» WORK INSTRUCTION
Among the lines of the listing below, retype exactly those from the one containing "Pointing. Young muslim" through the one containing "A shower with", both included. Do not include pictures.

╭─ AVAILABLE DATA

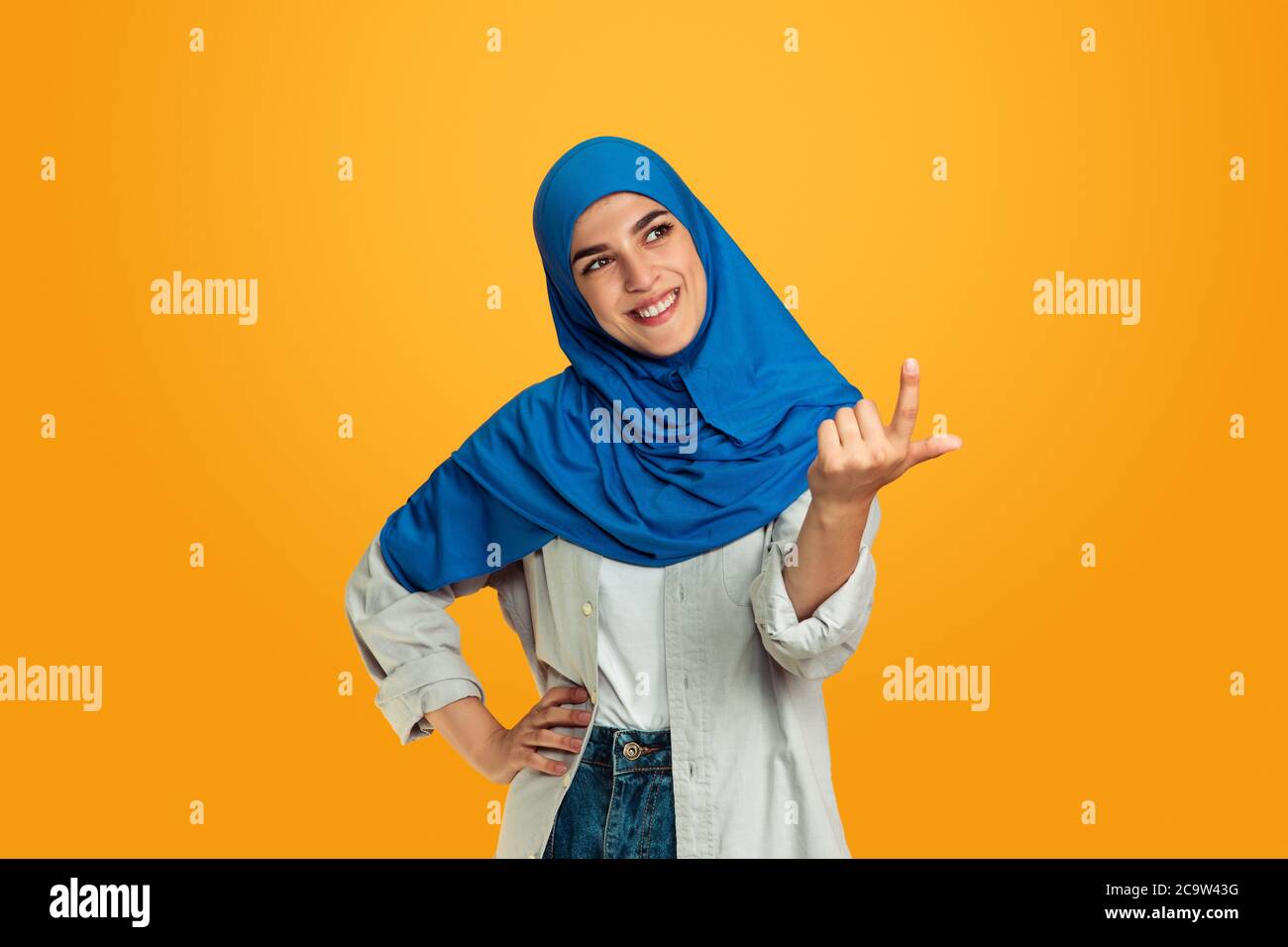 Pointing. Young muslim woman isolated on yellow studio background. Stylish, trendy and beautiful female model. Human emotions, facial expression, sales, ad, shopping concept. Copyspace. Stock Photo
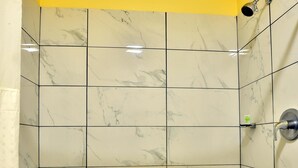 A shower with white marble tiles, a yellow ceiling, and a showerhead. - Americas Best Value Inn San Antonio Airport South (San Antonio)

╰─
╭─ AVAILABLE DATA

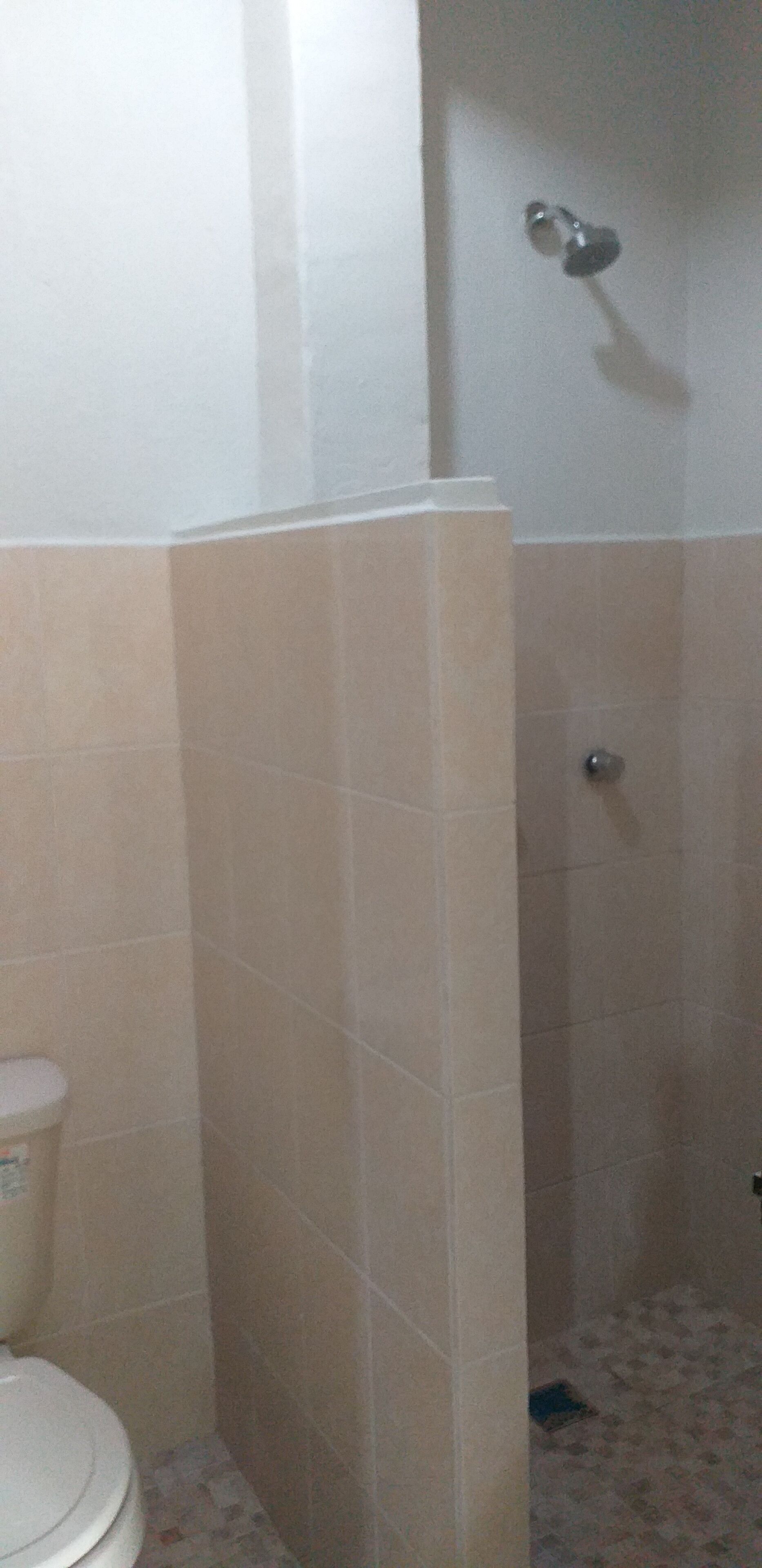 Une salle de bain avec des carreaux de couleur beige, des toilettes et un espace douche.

╰─

» TASK OUTPUT
 Pointing. Young muslim woman isolated on yellow studio background. Stylish, trendy and beautiful female model. Human emotions, facial expression, sales, ad, shopping concept. Copyspace. Stock Photo
 A shower with white marble tiles, a yellow ceiling, and a showerhead. - Americas Best Value Inn San Antonio Airport South (San Antonio)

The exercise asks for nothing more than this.